4. Leave Plenty of Hide
Don’t go through all the work of skinning your buck to only realize that you didn’t leave enough skin around the brisket.
“The most common problem I encounter is people not leaving enough cape on their deer,” Gonsor told me. “My rule of thumb is to start skinning from the middle of the belly and tube skin up as far as you can before cutting off the head.”
5. Wash the Hide, Antlers
A good rule of thumb is that you should present your deer to the taxidermist in the same condition that you want it back — the Golden Rule of taxidermy, so to speak.
To wash a cape, gently scrub it with a damp wash cloth, but never fully submerge it or use chemicals. The same goes for the antlers, although some hunters prefer to leave mud or small pieces of dried velvet attached. Communicate this with your taxidermist if that’s the case.
6. Don’t Salt the Hide
A common misconception is that you should salt the hide if you’re not immediately taking it to the taxidermist. Salting is useful on remote hunts to deter bacterial growth, but prolonged exposure to salt dries out the cape and causes issues for fleshing.

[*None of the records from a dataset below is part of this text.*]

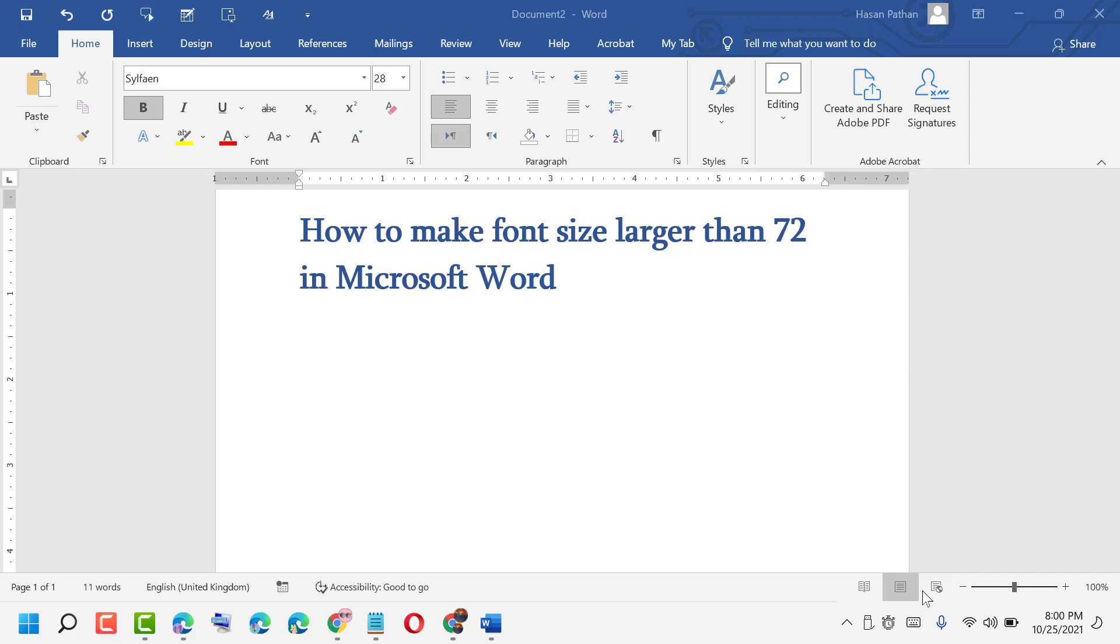Hi guys, today in this video I am going to show you how to make font size larger than 72 in Microsoft Word. It is very easy and simple method.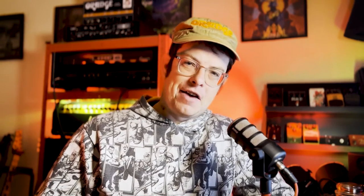Mixwave Gojira Mario Duplantier. I'm a really big Gojira fan — anyone who knows me knows that. I absolutely love Gojira and I'm a big fan of Mario. So when this library came out, there was no hesitation — I had to have it.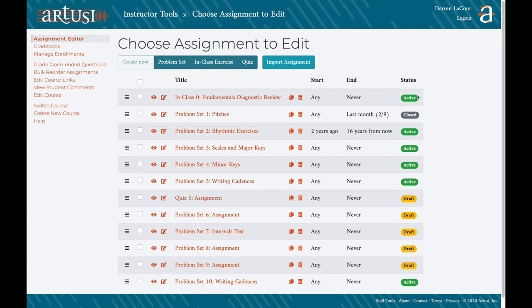The final column shows us the assignment status. Active assignments are marked green, meaning students can work on these assignments now. Closed assignments are grayed out, meaning students can no longer work on them or cannot yet work on them. And finally, the yellow draft status means the instructor is still working on creating the assignment and students cannot see it.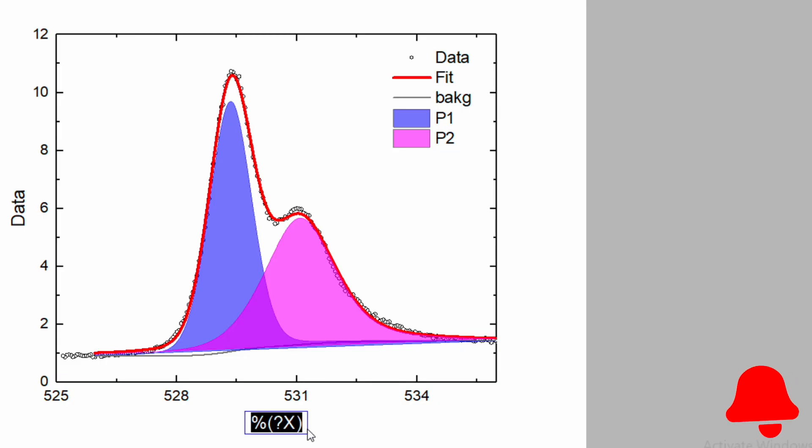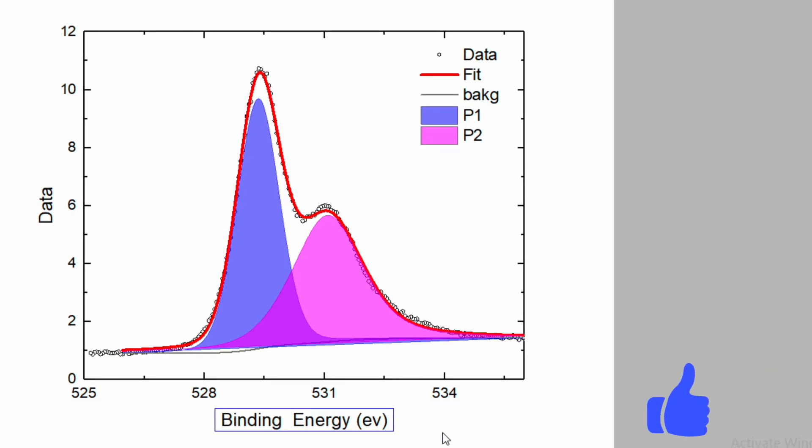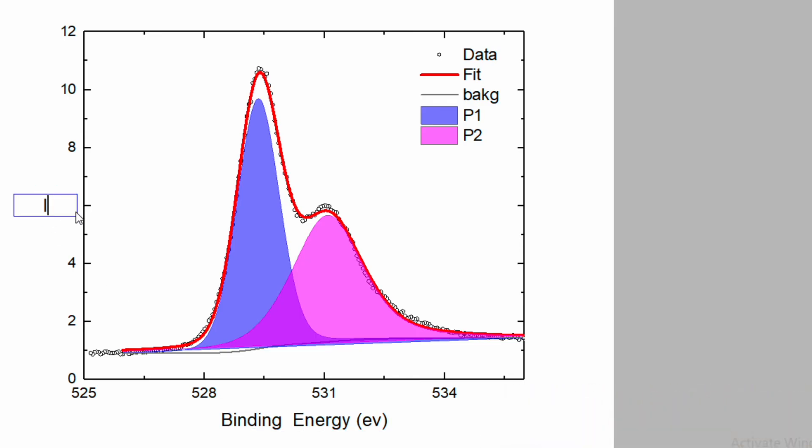X axis is binding energy and the unit is electron volt. And the y axis is intensity or count. Write down as a.u.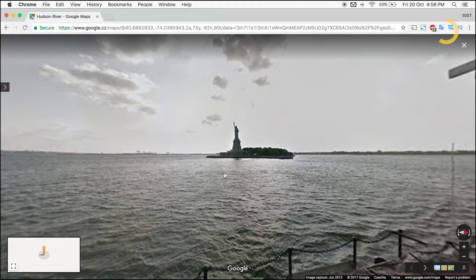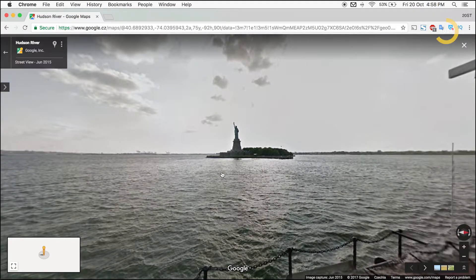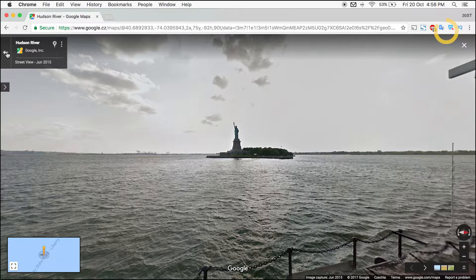You are now in Street View. To go back to the map, click the arrow button on the top left.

If you do salt the hide, make sure to tell your taxidermist to prevent it from being ruined while in storage.
7. Never Let the Cape Touch Ice
If you’re traveling with your cape in a cooler, absolutely don’t let it come in contact with ice or water.
“Melting ice inside a cooler on a hot day is a breeding ground for bacteria, which can cause hair-slippage with the cape,” Neuharth said. “Keeping your hide cold is a must, but don’t screw it up by letting it get wet.”
8. Beware of Wrinkles
If you’re on the fence about getting a buck mounted, you can keep the cape in your freezer until you make a decision. However, it’s very important that you don’t haphazardly toss it in the ice chest and walk away.
When freezing a cape, never let the skin and hair come in contact with each other. This makes the thawing process less delicate for your taxidermist. Also, make sure that the ears and nose are thoroughly protected for storage.
If you plan to freeze the cape, try this three-step folding method that Neuharth uses on all of the hides brought to him each hunting season:
• Fold 1 (skin to skin): Fold the cape the short way.
• Fold 2 (hair to hair): Fold the cape the long way, with the head extending beyond the brisket.
• Fold 3 (hair to hair): Fold the head back the opposite direction and tuck the nose under.
9. Limit Hide Exposure
Before getting tanned, the hide is an incredibly delicate thing. Throughout the entire process, you should take all measures possible to keep your cape out of the elements. That means don’t let your buck ride on a game rack above the exhaust, and make sure you always double wrap it before placing it in the freezer.
10. Don’t Overdo It
Stop what you’re doing if you’re not confident with the caping or storing process.
Both Gonsor and Neuharth stressed that the best option is to always get your deer to the taxidermist as quickly as possible. Let their surgical hands do the job, rather than your clumsy, excited ones.